Doody wanted the students to learn from each other, picking up different tricks and painting techniques that they may not have learned if it wasn’t for an in-person experience.

“It was the first time in a year-and-a-half that all the students were able to meet in-person, and have a classic studio class,” Doody said.

He said it was an opportunity to share all kinds of experiences within the class, both challenging and positive.

“It was all reflective. So when we were starting to look at these pictures and talk about isolation, we were now back together, so we were sharing them in a group dynamic,” Doody said.

He added the positive feedback that the exhibition has achieved has been fantastic.

“People come in [and] they’re like, ‘oh my god, this is such a great show of paintings.

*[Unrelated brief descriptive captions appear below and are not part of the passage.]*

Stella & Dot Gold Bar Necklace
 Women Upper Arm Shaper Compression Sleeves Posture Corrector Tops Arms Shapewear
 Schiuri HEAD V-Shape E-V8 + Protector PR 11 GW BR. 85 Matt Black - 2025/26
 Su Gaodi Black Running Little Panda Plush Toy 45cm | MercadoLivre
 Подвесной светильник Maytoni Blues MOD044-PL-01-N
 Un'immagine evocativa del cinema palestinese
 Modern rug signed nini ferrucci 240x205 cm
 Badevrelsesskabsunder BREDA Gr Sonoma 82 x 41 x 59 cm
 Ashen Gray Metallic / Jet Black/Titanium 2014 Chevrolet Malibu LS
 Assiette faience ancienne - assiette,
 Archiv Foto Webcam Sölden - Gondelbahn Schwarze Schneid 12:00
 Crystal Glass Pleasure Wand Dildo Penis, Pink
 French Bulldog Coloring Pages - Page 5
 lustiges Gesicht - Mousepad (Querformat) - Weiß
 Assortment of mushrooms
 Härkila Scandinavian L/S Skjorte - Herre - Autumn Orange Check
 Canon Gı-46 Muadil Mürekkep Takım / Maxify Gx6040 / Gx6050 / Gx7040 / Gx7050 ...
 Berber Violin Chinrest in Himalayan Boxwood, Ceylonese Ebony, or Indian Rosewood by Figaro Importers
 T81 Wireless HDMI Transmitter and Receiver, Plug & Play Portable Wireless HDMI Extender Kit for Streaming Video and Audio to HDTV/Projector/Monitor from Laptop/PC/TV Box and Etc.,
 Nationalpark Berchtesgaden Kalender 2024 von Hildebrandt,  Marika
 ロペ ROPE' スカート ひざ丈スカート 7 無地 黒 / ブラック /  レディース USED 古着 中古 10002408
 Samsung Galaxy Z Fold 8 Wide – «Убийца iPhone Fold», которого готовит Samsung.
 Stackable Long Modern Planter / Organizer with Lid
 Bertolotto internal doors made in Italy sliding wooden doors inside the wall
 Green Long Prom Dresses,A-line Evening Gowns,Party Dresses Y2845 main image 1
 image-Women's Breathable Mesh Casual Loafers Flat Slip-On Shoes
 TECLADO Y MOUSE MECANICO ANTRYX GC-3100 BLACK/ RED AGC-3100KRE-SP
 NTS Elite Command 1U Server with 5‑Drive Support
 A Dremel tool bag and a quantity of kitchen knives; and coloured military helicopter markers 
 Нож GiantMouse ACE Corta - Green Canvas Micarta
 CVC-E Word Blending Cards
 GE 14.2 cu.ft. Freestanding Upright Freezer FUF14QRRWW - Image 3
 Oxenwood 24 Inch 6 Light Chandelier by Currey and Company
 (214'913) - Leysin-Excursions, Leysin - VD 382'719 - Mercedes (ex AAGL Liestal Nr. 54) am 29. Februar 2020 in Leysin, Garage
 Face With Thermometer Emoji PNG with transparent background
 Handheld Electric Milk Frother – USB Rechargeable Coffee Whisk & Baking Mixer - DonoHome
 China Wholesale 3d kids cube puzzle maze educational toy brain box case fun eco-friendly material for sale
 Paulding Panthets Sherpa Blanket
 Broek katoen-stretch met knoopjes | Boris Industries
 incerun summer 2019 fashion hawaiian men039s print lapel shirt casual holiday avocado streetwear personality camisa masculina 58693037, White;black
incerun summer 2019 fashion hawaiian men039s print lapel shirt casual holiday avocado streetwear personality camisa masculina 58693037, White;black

I just love them,” he said.

Doody also noted the amount of work that the students put into their paintings.

“That energy that people are feeling reflected in the canvas, is the care that those students put into their work because they had an opportunity to explore the positives in reflection of isolation,” he said.

Not only did the painting project help the students understand their experience with isolation, but it also was an opportunity for Doody to talk about his experience as an artist in isolation.

“To have that opportunity to share with my students, in a classroom dynamic, it felt like it was also really cathartic and really beneficial for my own personal experience,” he said.

The ‘Homescape’ student exhibition will be on view until April 2.